- **WHAT IS NEEDED**:
The required output holds only the lines from the one containing "A cantora e" through the end of the material below, copied exactly, please, with no pictures.

- **EXERCISE DATA**:
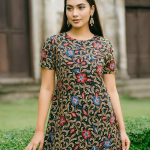 Batik Lasem motif latohan terinspirasi dari rumput laut pesisir, lambangkan rezeki, kebersamaan, dan kehidupan yang mengalir dalam batik khas.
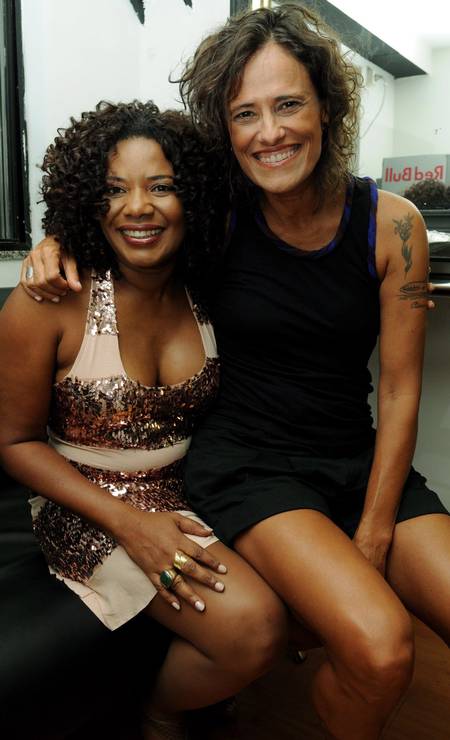 A cantora e Zélia Duncan na segunda edição do Ensaio AfroPop, no Lapa 40 Graus Foto: Cristina Granato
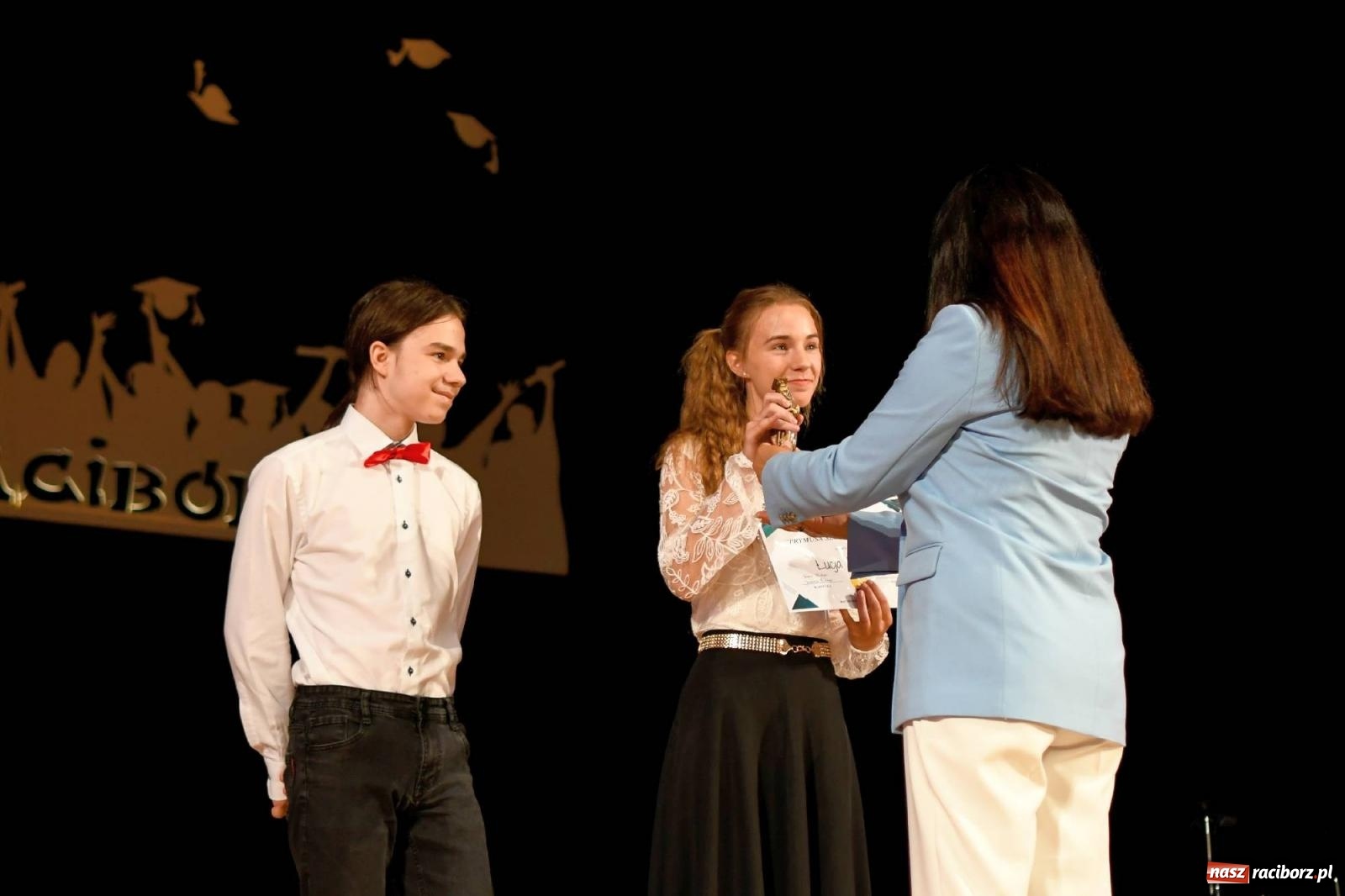 Zdjęcie w galerii na portalu naszraciborz.pl: Gala laureatów i absolwentów SP 1 [FOTO] wiadomości z regionu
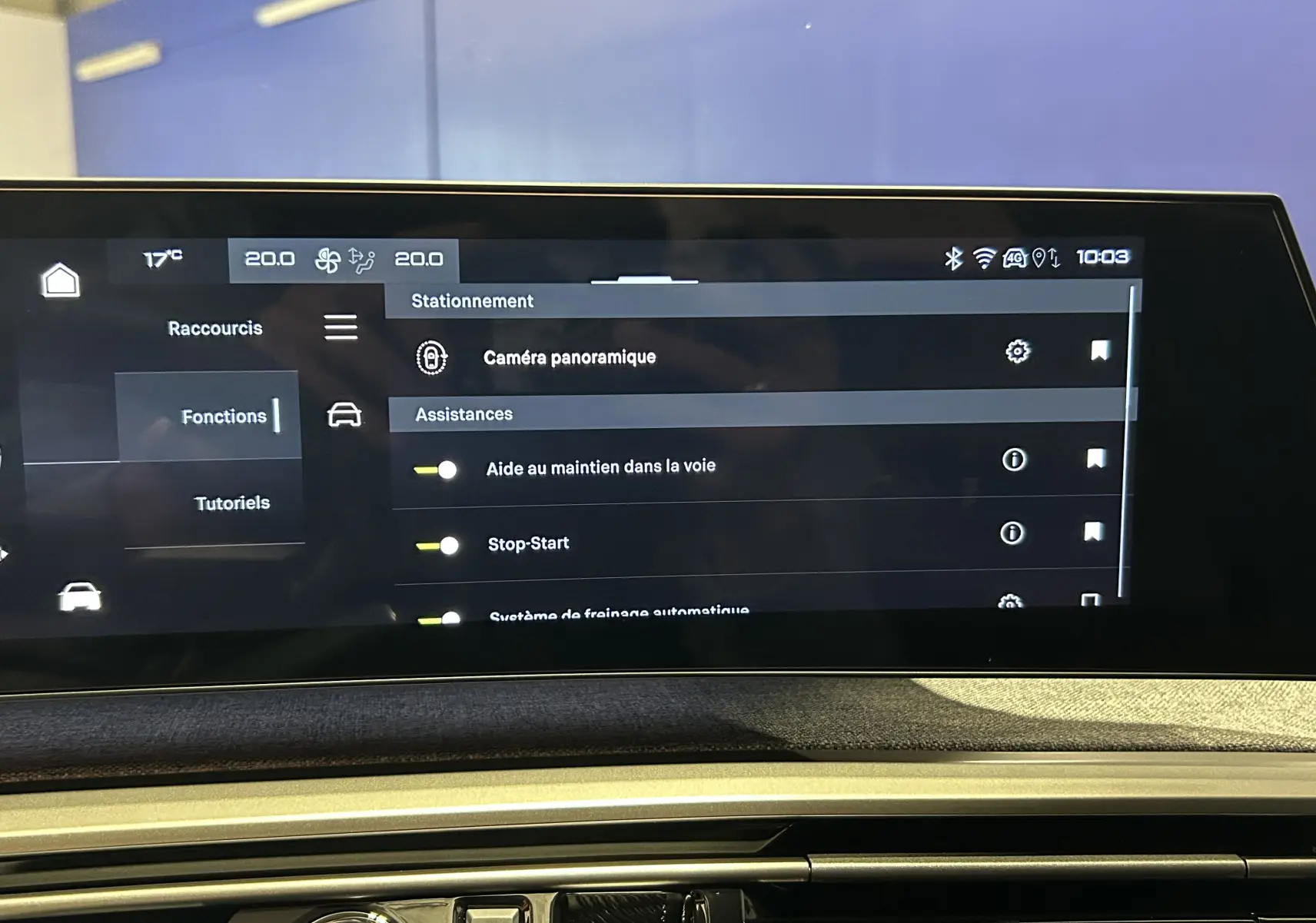 Écran tactile intérieur du Peugeot 5008 Hybrid 2025 affichant les options d'assistance à la conduite.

- **ANSWER BOX**:
 A cantora e Zélia Duncan na segunda edição do Ensaio AfroPop, no Lapa 40 Graus Foto: Cristina Granato
 Zdjęcie w galerii na portalu naszraciborz.pl: Gala laureatów i absolwentów SP 1 [FOTO] wiadomości z regionu
 Écran tactile intérieur du Peugeot 5008 Hybrid 2025 affichant les options d'assistance à la conduite.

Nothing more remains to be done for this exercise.